Prompt
Repeat every line from the line containing "Abito fit and" to the end of the data, exactly. Leave the pictures out.

Extracted data entries:
....

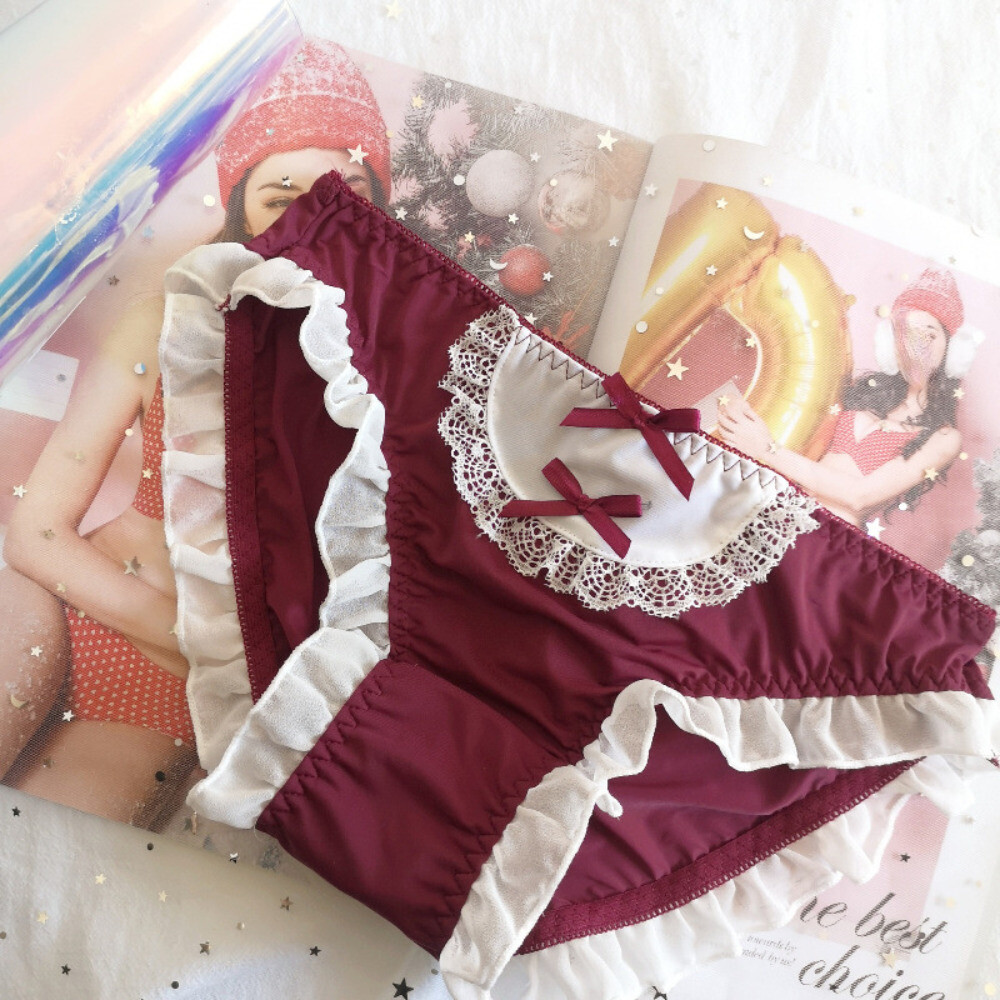 Japanese Lolita Lace Bow Ruffles Panties for Women and Girls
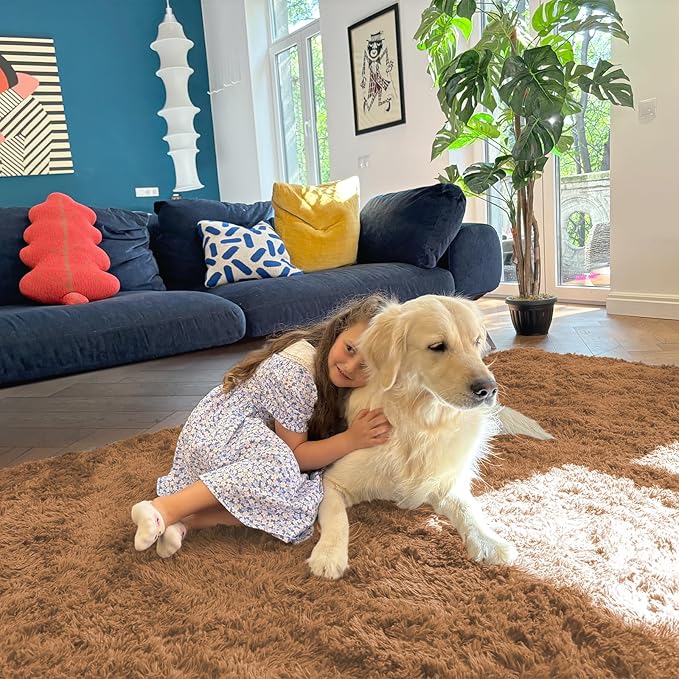 OLANLY 2x4 Machine Washable Runner Rugs for Hallway, Soft Fluffy Shaggy Bedside Rugs for Bedroom, Living Room, Indoor Floor Carpet for Kids Girls and Boys, Nursery Rooms, Home Decor Aesthetic, Khaki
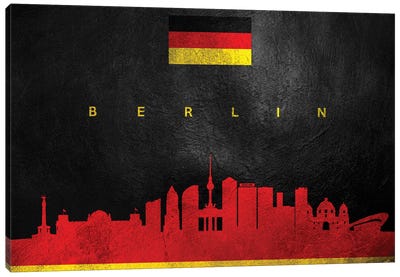 Berlin Germany Skyline II Canvas Art Print - International Flag Art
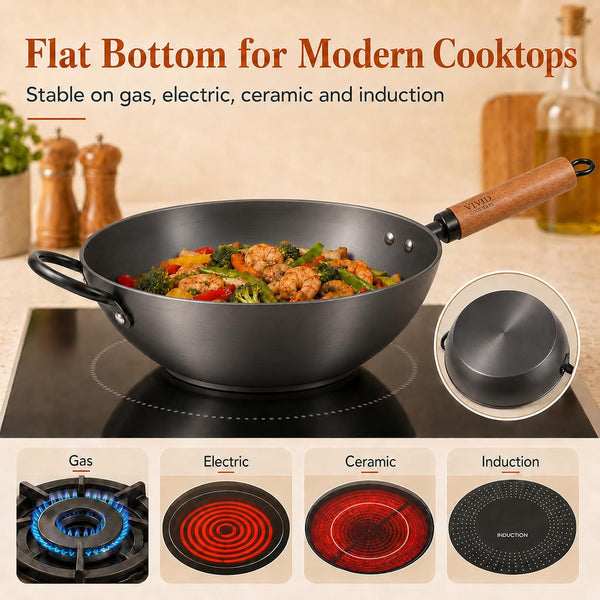 12.6 Inch Carbon Steel Wok with Lid, Flat Bottom Induction Wok Pan, Non-Coated Stir Fry Wok Skillet with Helper Handle, Gas Electric Ceramic Halogen Compatible, Includes Iron Wok Spatula6
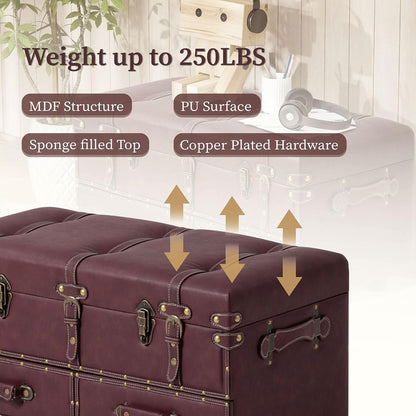 COZAYH Vintage Storage Bench, Upholstered Wooden Ottoman Bed Chest Box, Magenta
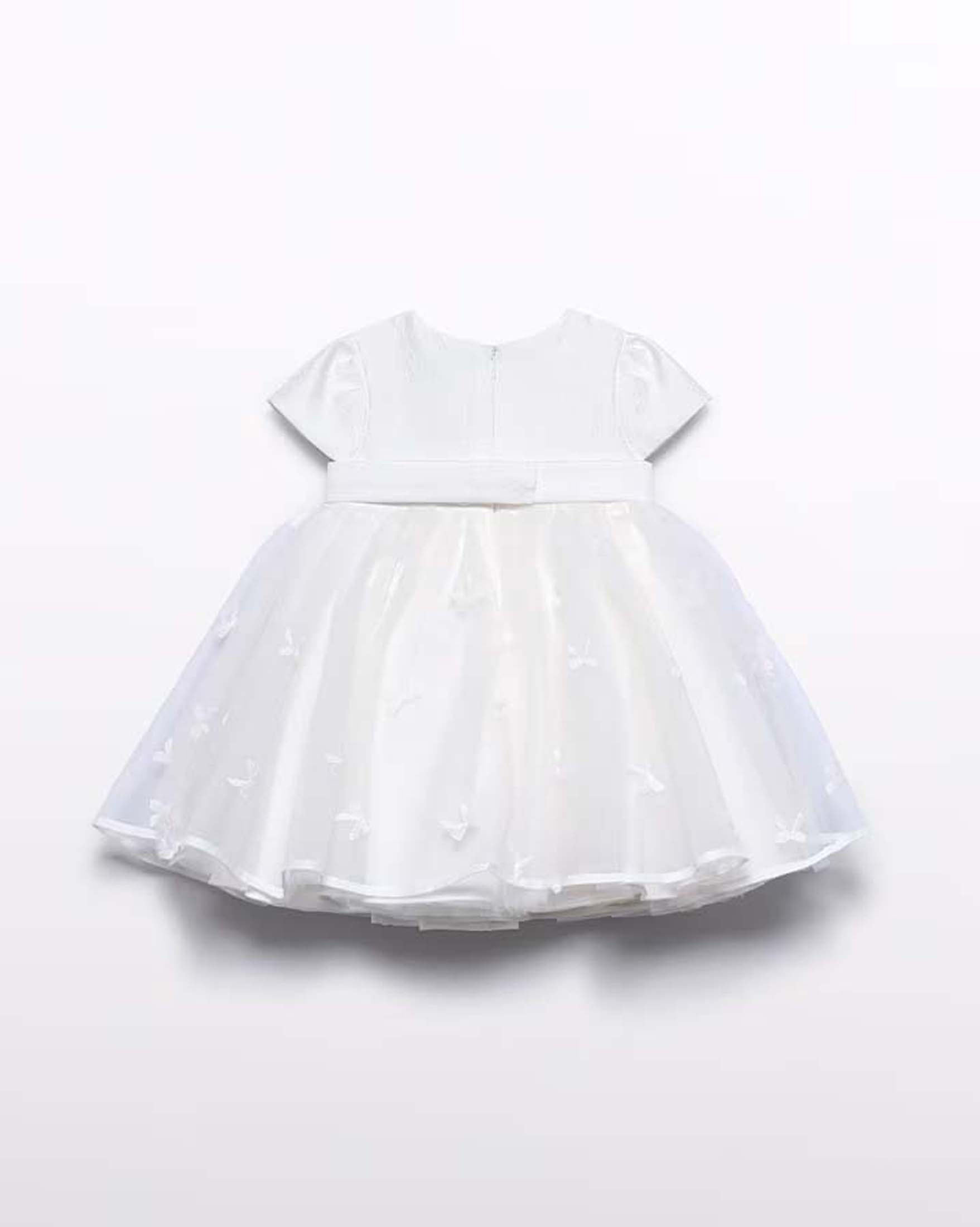 Abito fit and flare bianco Abel & Lula in tulle con fiocchi image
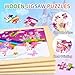 Wooden Puzzles for Kids Ages 4-6,Unicorn Princess Mermaid Fairy Kid Puzzles,24pcs Puzzles for Kids Ages 3-5,4 Pack Preschool Educational Toys Gifts for 3 4 5 Year Old Toddler Girls Boys Jigsaw Puzzle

....

Response to this exercise
 Abito fit and flare bianco Abel & Lula in tulle con fiocchi image
 Wooden Puzzles for Kids Ages 4-6,Unicorn Princess Mermaid Fairy Kid Puzzles,24pcs Puzzles for Kids Ages 3-5,4 Pack Preschool Educational Toys Gifts for 3 4 5 Year Old Toddler Girls Boys Jigsaw Puzzle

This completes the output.